Kazutoshi Sato*,**, Eugenio Realini*, Toshitaka Tsuda*,
Masanori Oigawa*, Yuya Iwaki*, Yoshinori Shoji***,
and Hiromu Seko***

*Research Institute for Sustainable Humanosphere (RISH), Kyoto University, Gokasho, Uji, Kyoto 611-0011, Japan

**Center for the Promotion of Interdisciplinary Education and Research, Kyoto University, Gokasho, Uji, Kyoto 611-0011, Japan

***Meteorological Research Institute (MRI), Japan Meteorological Agency (JMA), 1-1 Nagamine, Tsukuba, Ibaraki 305-0052, Japan

Received:
October 10, 2012
Accepted:
December 27, 2012
Published:
February 1, 2013
Creative Commons License
Keywords:
GPS meteorology, GNSS, PWV, meteorological hazard
Abstract
This work describes a system aimed at the near realtimemonitoring of precipitable water vapor (PWV) by means of a dense network of Global Navigation Satellite System (GNSS) receivers. These receivers are deployed with a horizontal spacing of 1-2 km around the Uji campus of Kyoto University, Japan. The PWV observed using a standard GPS meteorology technique, i.e., by using all satellites above a low elevation cutoff, is validated against radiosonde and radiometer measurements. The result is a RMS difference of about 2 mm.

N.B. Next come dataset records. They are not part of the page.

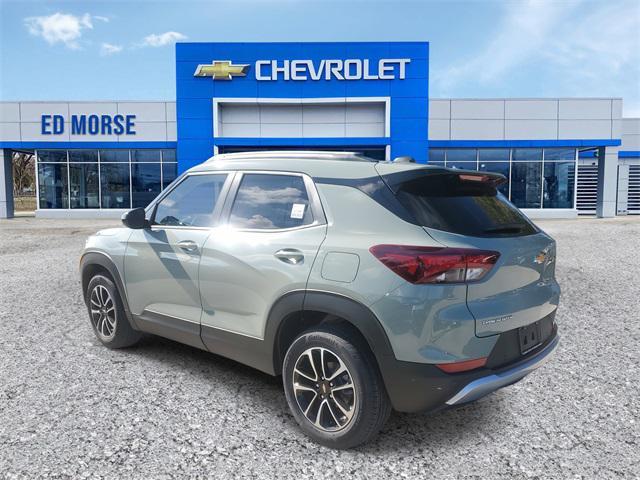 new 2026 Chevrolet TrailBlazer car, priced at $23,721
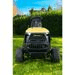 Benzínový zahradní traktor Riwall PRO RLT 92 HRD - 3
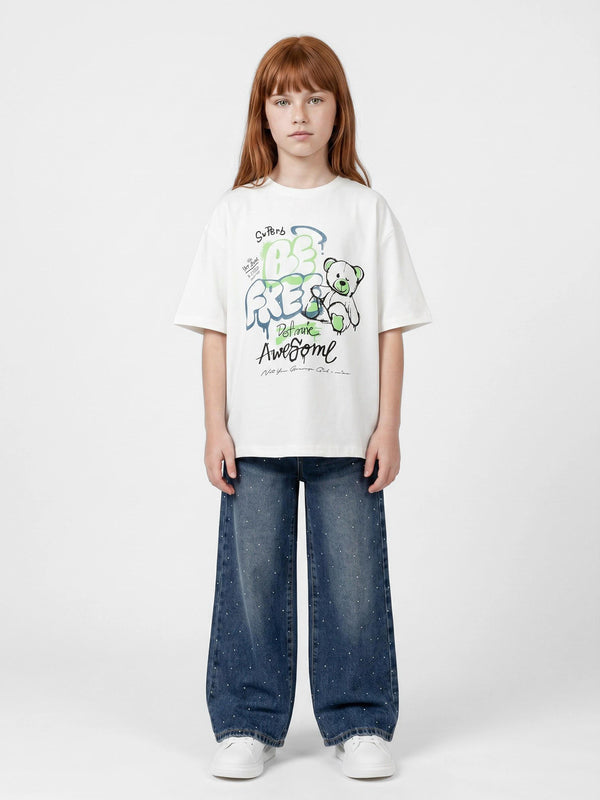 T SHIRT  NG White / 10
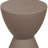 Durant Reversible Drum End Table with Storage – No Assembly Lightweight Accent Side Table for Indoor & Outdoor Use-271052800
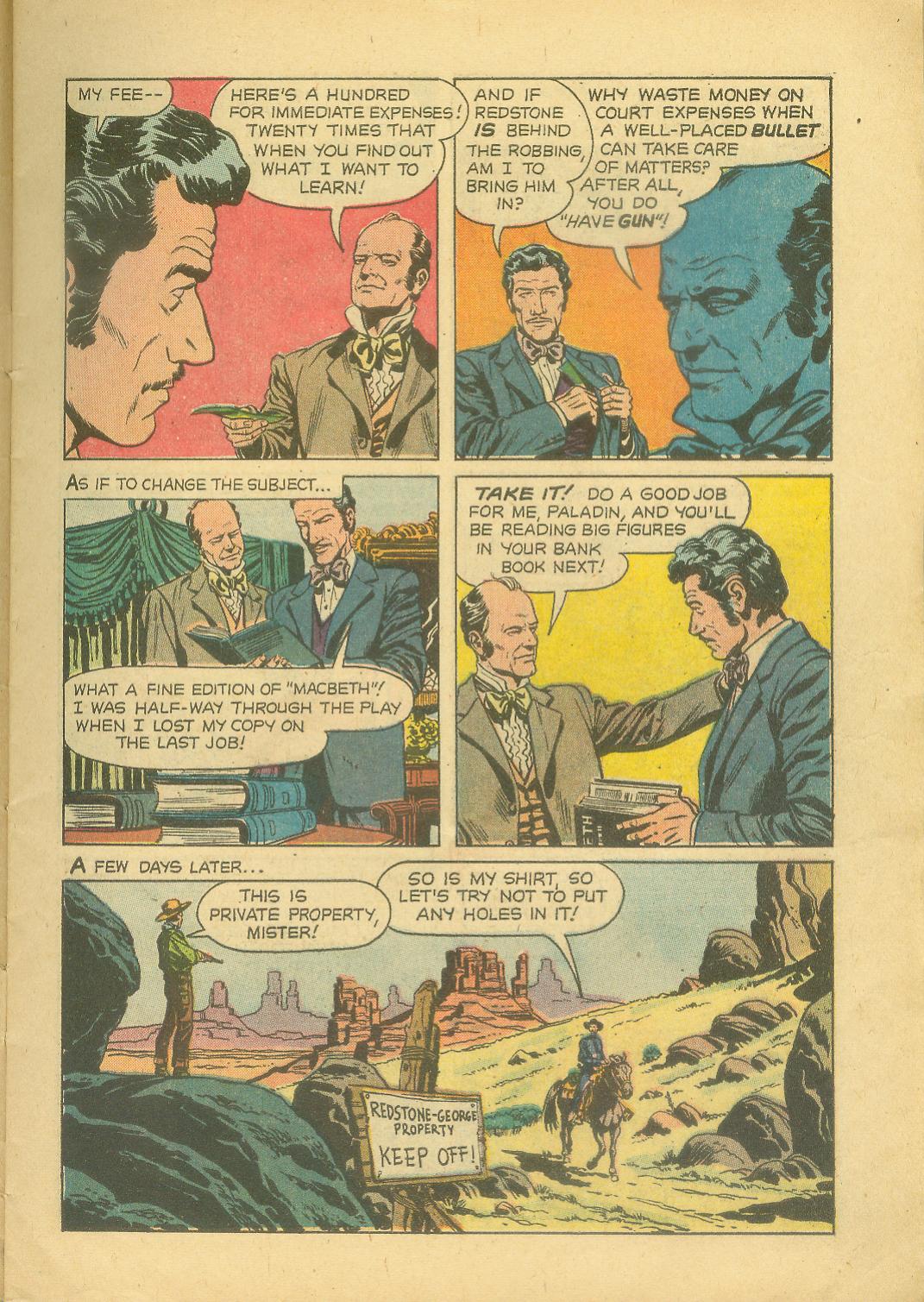 Read online Four Color Comics comic -  Issue #983 - 7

A more rigorous validation is done by selecting single GPS slant delays as they pass close to the radiosonde or the radiometer measuring directions, and higher accuracy is obtained. This method also makes it possible to preserve short-term fluctuations that are lost in the standard technique due to the averaging of several slant delays. Geostatistical analysis of the PWV observations shows that they are spatially correlated within the area of interest; this confirms that such a dense network can detect inhomogeneous distributions in water vapor. The PWV horizontal resolution is improved by using high-elevation satellites only, with the aim of exploiting at best the future Quasi-Zenith Satellite System (QZSS), which will continuously provide at least one satellite close to the zenith over Japan.
Cite this article as:
K. Sato, E. Realini, T. Tsuda, M. Oigawa, Y. Iwaki, Y. Shoji, and H. Seko, “A High-Resolution, Precipitable Water Vapor Monitoring System Using a Dense Network of GNSS Receivers,” J. Disaster Res., Vol.8 No.1, pp. 37-47, 2013.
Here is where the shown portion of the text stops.